EXERCISE INSTRUCTIONS: Once you reach the line containing "TG90° 2 Pack" in the data below, restate each line word for word up to and including the one containing "Pink Flamingo Tropical".
——
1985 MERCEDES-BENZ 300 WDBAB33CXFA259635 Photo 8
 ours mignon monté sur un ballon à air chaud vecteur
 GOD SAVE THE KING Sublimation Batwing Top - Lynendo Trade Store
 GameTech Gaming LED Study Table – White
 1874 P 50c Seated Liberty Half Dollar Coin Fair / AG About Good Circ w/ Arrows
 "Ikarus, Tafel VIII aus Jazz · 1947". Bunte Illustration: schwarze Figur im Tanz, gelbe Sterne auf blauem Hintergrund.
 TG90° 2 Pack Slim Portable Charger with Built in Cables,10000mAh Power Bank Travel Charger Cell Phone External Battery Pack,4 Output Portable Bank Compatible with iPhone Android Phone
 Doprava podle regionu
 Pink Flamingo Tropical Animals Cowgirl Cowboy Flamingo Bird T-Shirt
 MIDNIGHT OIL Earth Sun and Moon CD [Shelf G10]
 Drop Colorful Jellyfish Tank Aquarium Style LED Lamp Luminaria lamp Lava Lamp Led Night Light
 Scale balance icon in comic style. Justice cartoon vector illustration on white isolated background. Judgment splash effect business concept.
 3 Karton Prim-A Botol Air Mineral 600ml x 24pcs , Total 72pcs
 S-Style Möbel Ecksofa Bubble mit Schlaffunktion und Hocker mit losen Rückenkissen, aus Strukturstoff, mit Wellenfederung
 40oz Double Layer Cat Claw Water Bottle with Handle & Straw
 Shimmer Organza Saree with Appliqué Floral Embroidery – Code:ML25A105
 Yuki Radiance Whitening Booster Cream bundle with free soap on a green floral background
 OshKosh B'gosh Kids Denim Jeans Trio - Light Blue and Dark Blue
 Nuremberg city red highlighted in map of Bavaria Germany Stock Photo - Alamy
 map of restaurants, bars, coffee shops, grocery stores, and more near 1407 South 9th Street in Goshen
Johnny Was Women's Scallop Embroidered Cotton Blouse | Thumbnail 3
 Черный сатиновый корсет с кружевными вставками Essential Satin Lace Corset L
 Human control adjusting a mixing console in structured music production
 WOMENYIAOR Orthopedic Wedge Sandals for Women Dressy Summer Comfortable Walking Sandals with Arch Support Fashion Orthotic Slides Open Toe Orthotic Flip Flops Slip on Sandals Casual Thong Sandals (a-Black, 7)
——
SOLUTION FOR THIS PROBLEM:
 TG90° 2 Pack Slim Portable Charger with Built in Cables,10000mAh Power Bank Travel Charger Cell Phone External Battery Pack,4 Output Portable Bank Compatible with iPhone Android Phone
 Doprava podle regionu
 Pink Flamingo Tropical Animals Cowgirl Cowboy Flamingo Bird T-Shirt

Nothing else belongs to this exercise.